As much as I would eventually seek to comfort and reassure her that she was not alone, I felt my elated self jumping out of my skin! Clearly not for her misfortune but for my own full body exhale! Here was another warrior on her worst day, up to her ears in all of us surrounding mothers praising our children and this glorious motherhood, many of us so tight-lipped about the excruciating days.

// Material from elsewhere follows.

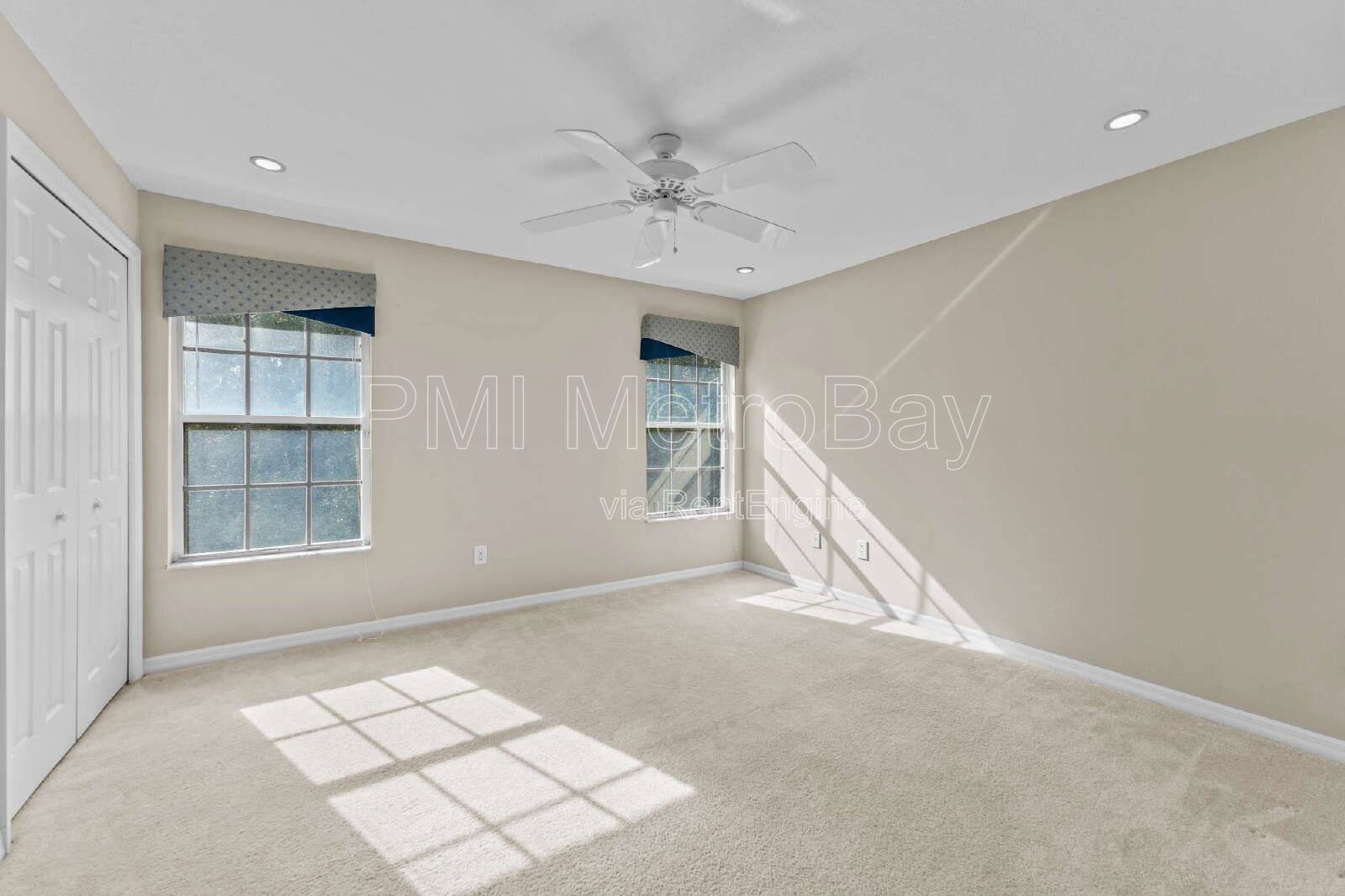 3-Bedroom Home with 2.5 Baths in Tampa's Heart - Spacious 1464 Sq Ft Gem!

I was about to post an entirely different Truth but today, I felt that I was alone. My beautiful brats are sleeping tight for the moment but I swore this fine hour would never come, or that I might miss it by taking off! (A joke, hold the emails.) Today, my kids sucked. They fought me, they fought each other, they fought other children. They threw food, spilled drinks, scratched walls, mis-peed, frequently pooed, ate dirt, bugs and wood but not their broccoli. Worse still, they whined all day, cried after whining and screamed in between. They broke household appliances, expensive toys, and my heart. Mommy is so tired but I had to write about it because I want us to know that on our worst days, we are not alone! Our kids aren’t bad, they have bad days and bad weeks. A repetitive but true phrase; “It’s just a stage!”
Most importantly though Mommy, you do not suck at this.